> [EXERCISE REQUIREMENTS]
Take the lines below beginning at the line that has "Photo of free" and stopping after the line that has "LALİGA_F_H.S 600 BEYAZ_TURKUAZ_DESENLİ", and print them exactly as they are, with no other lines.

> [RECORDS PROVIDED]
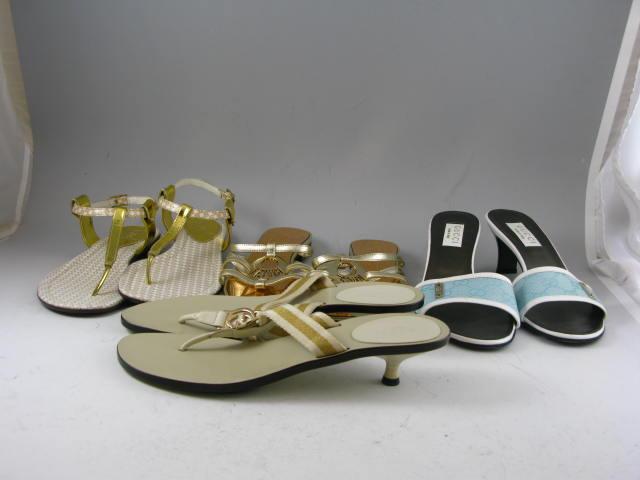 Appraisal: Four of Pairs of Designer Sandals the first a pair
* * *
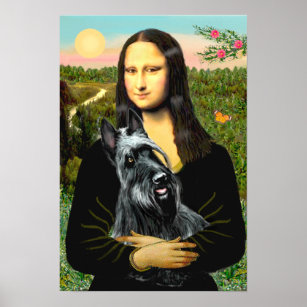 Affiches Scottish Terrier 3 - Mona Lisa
* * *
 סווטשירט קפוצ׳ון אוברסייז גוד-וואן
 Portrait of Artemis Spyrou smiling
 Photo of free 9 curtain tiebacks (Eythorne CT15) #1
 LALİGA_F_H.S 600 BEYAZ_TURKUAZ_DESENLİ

> [RESULT BELOW]
 Photo of free 9 curtain tiebacks (Eythorne CT15) #1
 LALİGA_F_H.S 600 BEYAZ_TURKUAZ_DESENLİ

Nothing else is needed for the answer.